Hiring the wrong agency is most expensive when it's silent: you can't see the citations you're missing, and the pipeline gap shows up months later in a board review. Score every vendor against the 10 flags above and the green-flag table before signing, because the agencies that survive that filter are the ones worth a deeper conversation.
If you want to evaluate where your content currently sits before a conversation, the free AEO content evaluator scores your pages against the CITABLE framework in minutes. If you'd rather talk through your current citation rate and what's realistic for your category, book a call and we'll tell you honestly whether we're a fit.
FAQs
How do I evaluate an agency's AEO methodology?
Ask three specific questions: how their content structure targets dense passage retrieval, what section length and format they use for RAG (Retrieval-Augmented Generation) compatibility, and how they measure extractability across a defined query set. If the answers focus on keyword clusters or meta descriptions without referencing semantic structure or passage selection, the methodology hasn't moved past traditional SEO.
What attribution proof should I ask for?
Ask for a named SaaS case study that shows AI-referred sessions in GA4 or HubSpot, a "how did you hear about us" field capturing AI platform mentions, and an MQL-to-opportunity conversion rate attributed to AI-referred traffic. Generic traffic increases or ranking improvements without a pipeline number aren't sufficient attribution proof for a board-level conversation.
Are annual contracts ever justified for AEO work?
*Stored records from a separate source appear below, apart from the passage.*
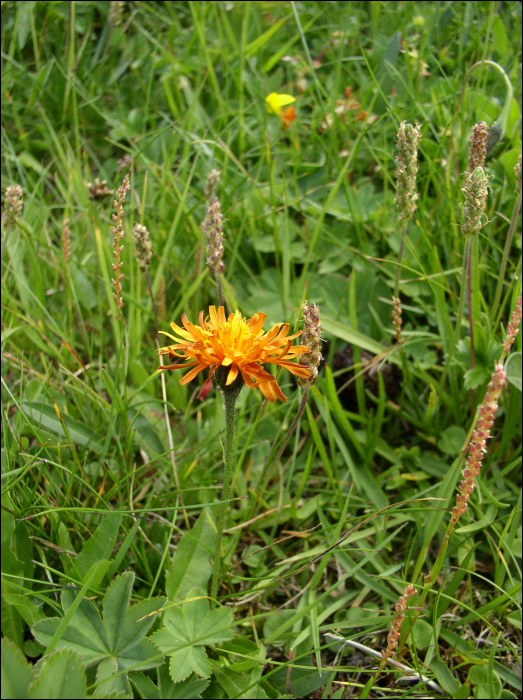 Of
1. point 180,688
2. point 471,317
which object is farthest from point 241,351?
point 471,317

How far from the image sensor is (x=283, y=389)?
2.30 meters

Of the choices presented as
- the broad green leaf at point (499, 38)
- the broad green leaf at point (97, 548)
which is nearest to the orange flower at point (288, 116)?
the broad green leaf at point (499, 38)

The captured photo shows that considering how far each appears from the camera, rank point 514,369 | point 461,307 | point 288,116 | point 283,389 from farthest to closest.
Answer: point 288,116, point 283,389, point 514,369, point 461,307

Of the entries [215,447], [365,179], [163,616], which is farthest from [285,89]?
[163,616]

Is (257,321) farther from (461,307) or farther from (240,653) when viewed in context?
(240,653)

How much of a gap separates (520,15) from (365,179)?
1608 millimetres

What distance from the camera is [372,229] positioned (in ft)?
8.73

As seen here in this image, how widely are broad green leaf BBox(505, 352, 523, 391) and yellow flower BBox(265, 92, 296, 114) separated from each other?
167 centimetres

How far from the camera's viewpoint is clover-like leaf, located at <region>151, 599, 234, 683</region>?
4.31ft

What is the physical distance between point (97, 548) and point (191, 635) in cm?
34

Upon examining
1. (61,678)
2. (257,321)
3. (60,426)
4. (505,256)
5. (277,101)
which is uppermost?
(277,101)

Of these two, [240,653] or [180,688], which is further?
[240,653]

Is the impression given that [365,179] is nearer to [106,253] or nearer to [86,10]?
[106,253]

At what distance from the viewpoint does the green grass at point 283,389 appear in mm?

Rarely, because AI platform behavior can change on a 6 to 12 month cycle and retrieval strategies may need adjustment accordingly. Month-to-month terms are the standard that credible agencies should offer, with initial citation signal appearing in weeks 1 to 2 and meaningful citation lift by months 3 to 4.
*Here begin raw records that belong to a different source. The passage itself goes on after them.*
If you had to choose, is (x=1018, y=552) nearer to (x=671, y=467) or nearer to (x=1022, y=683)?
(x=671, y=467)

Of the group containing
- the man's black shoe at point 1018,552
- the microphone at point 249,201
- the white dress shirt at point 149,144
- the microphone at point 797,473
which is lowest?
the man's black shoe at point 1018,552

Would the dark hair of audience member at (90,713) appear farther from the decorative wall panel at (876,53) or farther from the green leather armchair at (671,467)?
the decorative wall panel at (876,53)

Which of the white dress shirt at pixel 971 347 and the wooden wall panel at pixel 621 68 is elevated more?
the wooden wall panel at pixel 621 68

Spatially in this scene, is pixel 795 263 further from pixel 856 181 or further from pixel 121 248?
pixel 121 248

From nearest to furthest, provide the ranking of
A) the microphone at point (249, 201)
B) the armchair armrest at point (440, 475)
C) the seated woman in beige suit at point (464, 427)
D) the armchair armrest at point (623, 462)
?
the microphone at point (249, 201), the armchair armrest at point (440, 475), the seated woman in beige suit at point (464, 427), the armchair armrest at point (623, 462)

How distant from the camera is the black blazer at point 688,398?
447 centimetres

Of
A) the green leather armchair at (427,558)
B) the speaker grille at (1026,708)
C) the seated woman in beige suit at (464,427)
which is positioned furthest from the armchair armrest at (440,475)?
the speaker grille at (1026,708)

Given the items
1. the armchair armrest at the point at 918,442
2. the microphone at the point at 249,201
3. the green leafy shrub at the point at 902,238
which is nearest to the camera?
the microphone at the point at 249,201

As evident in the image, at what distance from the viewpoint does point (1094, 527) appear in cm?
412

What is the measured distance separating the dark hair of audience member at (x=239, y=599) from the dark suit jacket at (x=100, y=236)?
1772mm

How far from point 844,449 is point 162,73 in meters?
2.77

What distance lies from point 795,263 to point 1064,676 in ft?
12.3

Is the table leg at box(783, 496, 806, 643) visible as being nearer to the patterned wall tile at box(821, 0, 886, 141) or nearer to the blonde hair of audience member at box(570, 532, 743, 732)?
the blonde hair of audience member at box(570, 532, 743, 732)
How long should it take to see initial results?
Initial citations may begin appearing within weeks of CITABLE-structured content going live, and meaningful citation rate lift across a defined query set typically takes several months of consistent execution. Agencies promising significant pipeline impact in under 30 days may be measuring early signals rather than sustainable pipeline contribution.
Key terms glossary
Citation rate measures what percentage of relevant buyer queries result in your brand appearing in AI responses. If you test 100 high-intent buyer questions and your brand appears in 15 AI responses, your citation rate is 15%.
Mention rate calculates the percentage of relevant queries where your brand appears in the AI response. This metric requires a consistent query set and honest error-bar acknowledgment, because AI visibility measurement involves probabilistic elements.
Share of voice tracks your brand's visibility relative to the competitors your buyers are evaluating. It shows your brand's presence in AI responses compared to direct competitors on the same query set.
Answer Engine Optimisation (AEO) is the practice of structuring content for citation in AI-generated answers from ChatGPT, Claude, Perplexity, and Google AI Overviews. It targets passage retrieval and extractability rather than keyword density and ranking.
Dense Passage Retrieval is a neural retrieval method that selects passages based on semantic meaning rather than keyword matching. Dense retrievers outperformed BM25 by 9-19 points on top-20 passage retrieval accuracy, meaning content structured for semantic meaning gets selected more often by AI systems.